Aslında bütün çalışma hayatıyla ilgili düzenlemelerde temel olarak belirleyici olması gereken azami kâr veya sermaye birikiminin öncelenmesi değil, ekolojik bir yaklaşım içerisinde emekçilerden yana düzenlemelerin olması gerekirdi. Ancak, bu yasanın içeriğine baktığımız zaman, daha çok iş sağlığı ve iş güvenliği alanıyla ilgili mevcut durumu piyasa koşullarına açan ve ticarileştiren bir anlayışın olduğunu buradan belirtmek istiyorum. Burada piyasaya açılmayı gösteren en iyi iki göstergeyi, özellikle iş yeri güvenliğinden sorumlu uzmanların ve iş yeri hekimlerinin piyasa mekanizması içerisinden seçilmesi ve yine bu alanda çalışanların, uzmanların ya da iş yeri hekimlerinin eğitimleriyle ilgili süreçlerin de özel sektöre devredilmesinde bulabiliriz.

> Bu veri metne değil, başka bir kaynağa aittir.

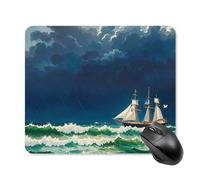 Stormy Waves Tapis de souris carré vintage avec base en caoutchouc antidérapant 25 x 30 cm Tapis de souris ultra fin pour ordinateur portable Accessoires de bureau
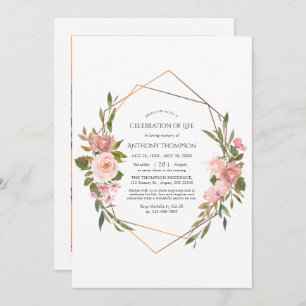 Invitation Rose Gold & Blush Pink Floral Célébration de la vi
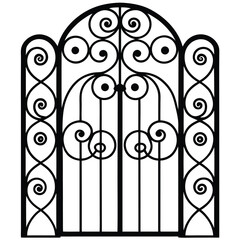 vintage iron gate swirls silhouette vector illustration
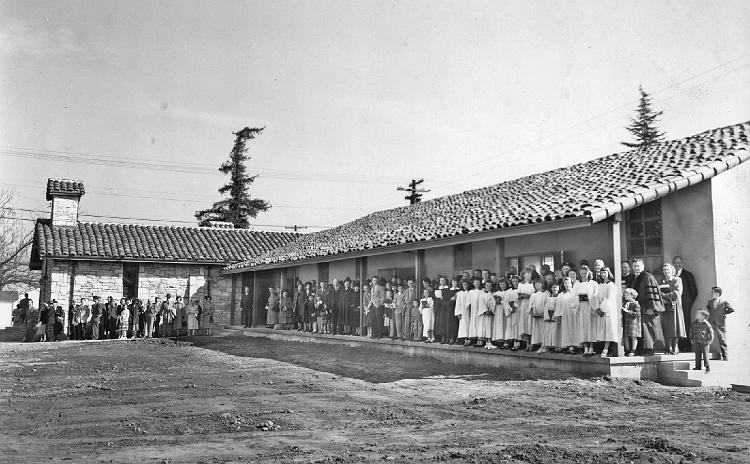 7.jpg - Members gather outside.  Photo was taken about 1950.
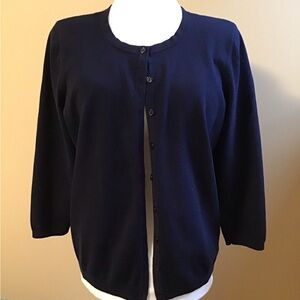Navy 3/4 Sleeve Cardigan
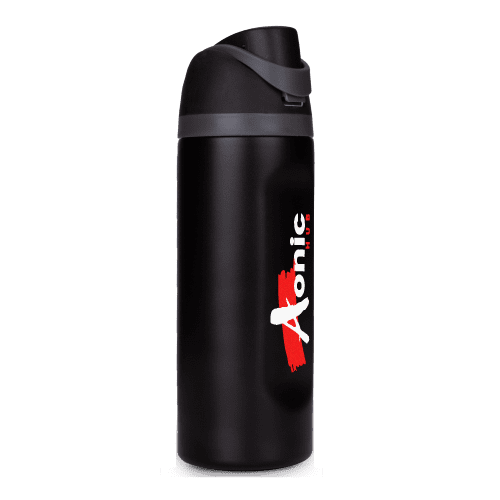 Customisable Safety Lock Fusion Metal Bottle in Black branded with your logo from Total Merchandise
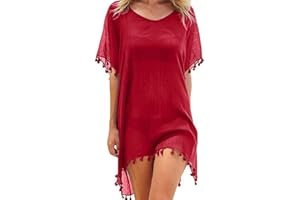 Hanaoops Copricostume da Bagno Donna Mare Scollo a V Abito da Spiaggia Chiffon Nappa Vestito Mare Copricostumi da Bagno Estivi Allentato Bikini Cover Up Costumi per Spiaggia Piscina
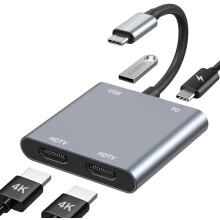 USB C to Dual HDMI Adapter, 4 in 1 HDMI Splitter for Dual Monitors 4K, USB 3.0, PD 100W, Dual HDMI Adapter for 2 Monitors HDMI Dual Monitor Adapter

İş sağlığı ve iş güvenliğiyle ilgili yasa tasarısını görüştüğümüz bu zamanlarda, aslında gayretleri olmasına rağmen Çalışma ve Sosyal Güvenlik Bakanımızın da hızla bir rekora doğru gittiğini belirtmek gerekiyor. Özellikle Bakanlığı süresince en fazla işçi ölümlerinin yaşandığı Bakan olma yolunda gerçekten büyük bir talihsizlik bulunmakta. Bakın, AKP İktidarının iktidara geldiği 2002 yılından bugüne kadar 10.297 işçinin iş kazalarında veya toplumdaki hâkim isimlendirmesiyle iş cinayetlerinde yaşamını yitirdiğini görüyoruz. Alansal olarak daha çok kömür madenleri, HES yapımları, tersaneler, imalat yerleri, kot kumlama işleri ve inşaat yapımları işçi ölümlerinin gerçekleştiği alanlar iken, özellikle AKP döneminde, demin bahsettiğim ekolojiyle ilgili kaygıların hiçbir şekilde olmaması, insanı ve çevreyi merkeze sokan politikaların devreye sokulmaması nedeniyle bu ölümlerin her geçen yıl daha fazla arttığını buradan belirtmek gerekiyor. 2012 yılının sadece nisan ayında 87 işçi bu iş cinayetlerinde yaşamını yitirdi. Yine 2012 yılının ilk dört ayında 250 işçi iş kazalarında yaşamını yitirmiştir.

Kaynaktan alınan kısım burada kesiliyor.